I'm not sure if the criticism is pointing at my comments or at the documentary, but if it is aimed at my comments I accept most of your critic. I agree that in general the commentators in this documentary do not represent the majority view of textual critics (at least not the more "conservative" ones). But most critics from my understanding attribute way to much weight to the ages of this manuscripts, it might not be their maxim but it certainly is one of their main arguments. I also agree that most critics do recognize the different families but this is not a unanimous view within this school of thinking. I believe that some critics including Metzger have acknowledged that the families are not as clearly defined as they originally thought. As for the ending of Mark I completely agree and I thought is was dishonest to omit to mention this fact in the documentary. I also completely agree with you 5th point, that was purely their biases and not something that can be inferred because of this one omission.




armourbearer said:


> (1.) Sinaiticus bears early witness to the traditional text of the NT in a great majority of places. It therefore holds some relative apologetical value for establishing a stable transmission of the text. Those who hold to the traditional text should not discard it as useless, but only oppose the uncritical use which has been made of it.



Point taken, I guess instead of saying it has no importance I should have said it's not as valuable as many critics would like us to believe.




armourbearer said:


> (2.) It is true that some doctrines are affected by the variant readings in Sinaiticus and other mss. If not the doctrine itself, then at least the degree of certainty with which it can be held or proved, or the place it should hold in the theological system, comes under question. But the reality is that false doctrines are only proved by bringing some foreign presupposition to the text, and this is more likely to the degree that an individual regards the Bible as a collection of human writings and rejects its divine inspiration and infallibility. (3.) The liberal use which is being made of ms. evidence and variant readings with respect to doctrine and history demonstrates that text-critical work is not neutral. The old idea that text-critical theories do not affect the canon of Scripture or the substance of the faith cannot be upheld. The acceptance of certain text-critical theories go hand hand with specific attitudes to history and doctrine which have serious consequences for the canon of Scripture and the substance of the faith. The idea of an "eclectic" method, in particular, presupposes a developmental theory of text and canon which immediately conflicts with traditional conservative views. (4.) The degree to which Sinaiticus is accepted as being a text-critical document instead of an ecclesiastical text in current use should affect the value one places in its variant readings. The idea of a neutral text (which still continues to predominate modern critical texts even though the theory itself has been replaced) should be well and truly rejected. (5.) The whole issue demonstrates that one must presuppose not only the inspiration and infallibility of Scripture, but the integrity of its preservation, in order to be able to stand upon the Word of God and declare, Thus saith the Lord. Much of the criticial methodology has proven destructive to conservative Christianity in general and to reformed theology in particular. As we are bound to accept the Bible on the basis of its own witness, we are shut up to the conclusion that it has been preserved pure and entire, and is readily accessible as a final court of appeal (WCF 1.8).

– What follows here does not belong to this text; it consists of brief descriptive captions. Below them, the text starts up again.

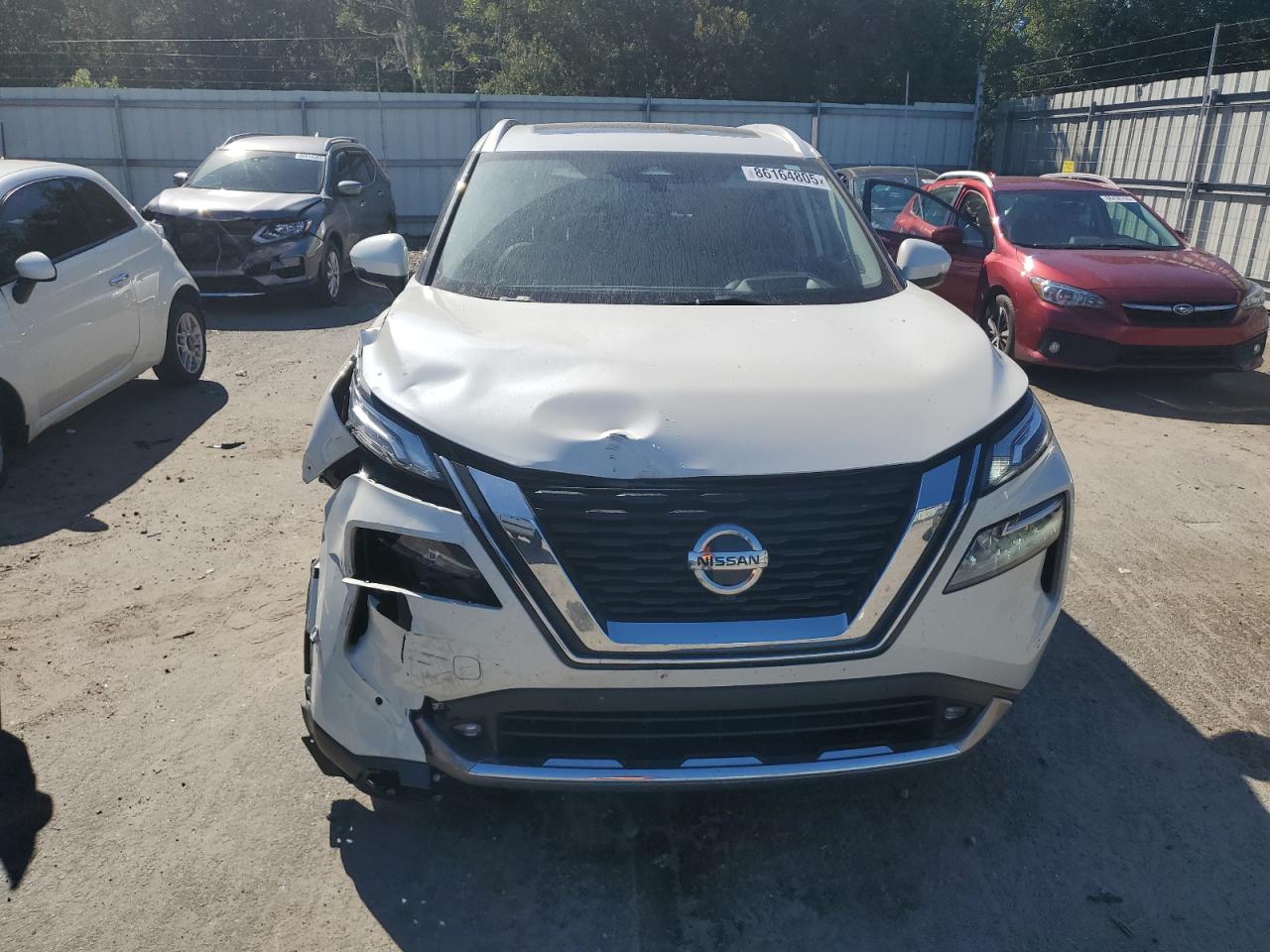 NISSAN ROGUE PLATINUM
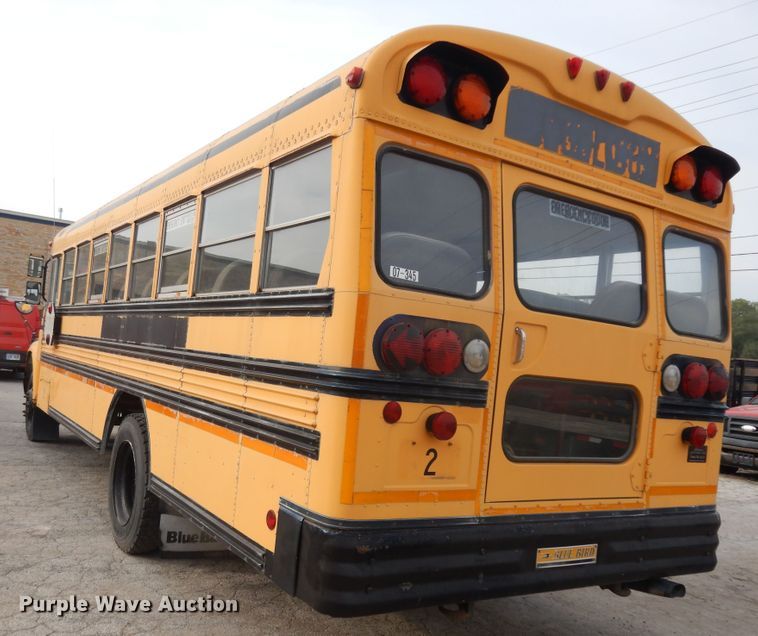 image for item KU9123 1995 Ford B800  bus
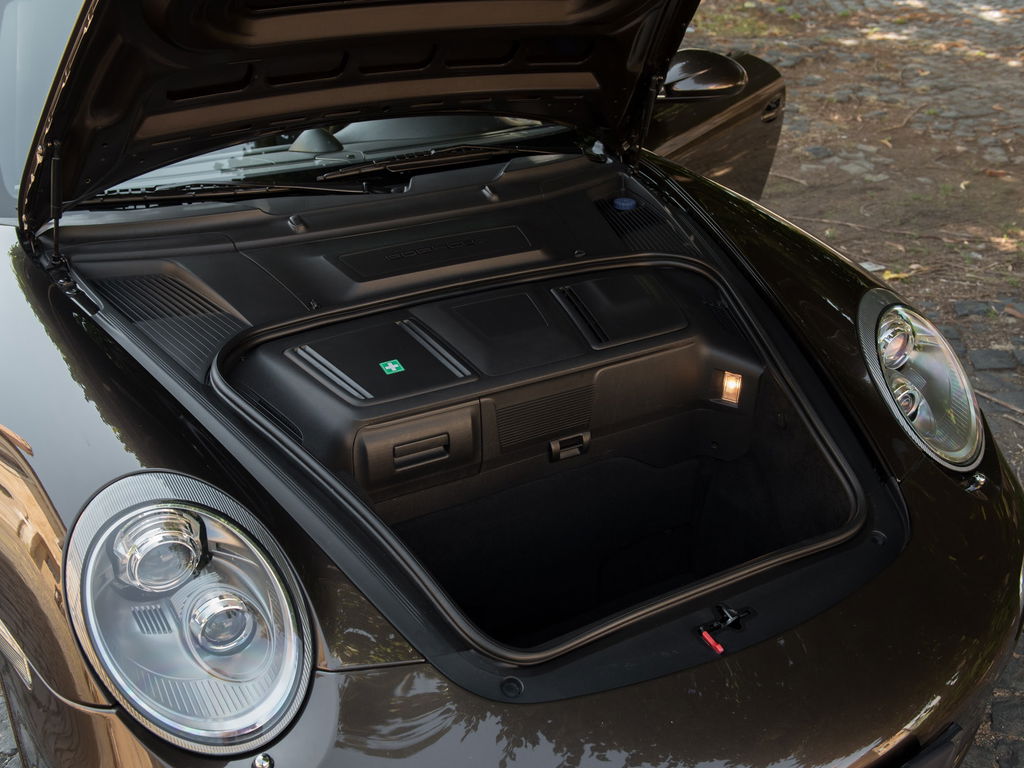 Porsche 997.2 Carrera GTS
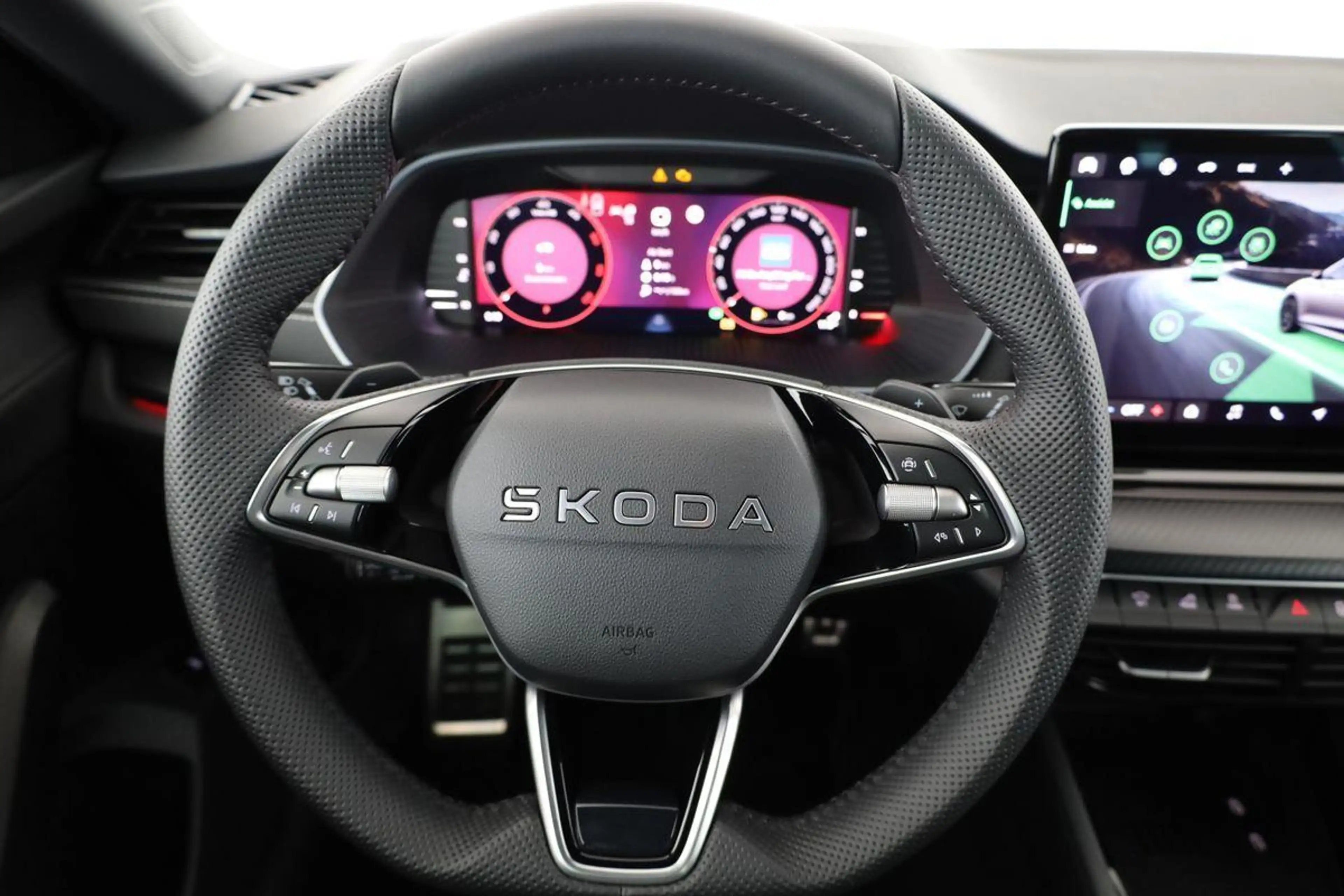 Skoda Octavia Combi 2.0 TDI 110 kW Sportline DSG Sportline, A... — photo 5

This means there is an historical and doctrinal presupposition which strongly favours the ecclesiastical text on which the reformers and their successors based the Protestant witness and tradition.



I completely agree,


Thanks for your sober and concise corrections and clarifications.


----------



## MW (Sep 26, 2013)

Fogetaboutit said:


> I'm not sure if the criticism is pointing at my comments or at the documentary



Etienne, sorry for the confusion. The criticisms were directed at the BBC clip; the reflections were an attempt to show what I think is the relevance for us. Blessings!


----------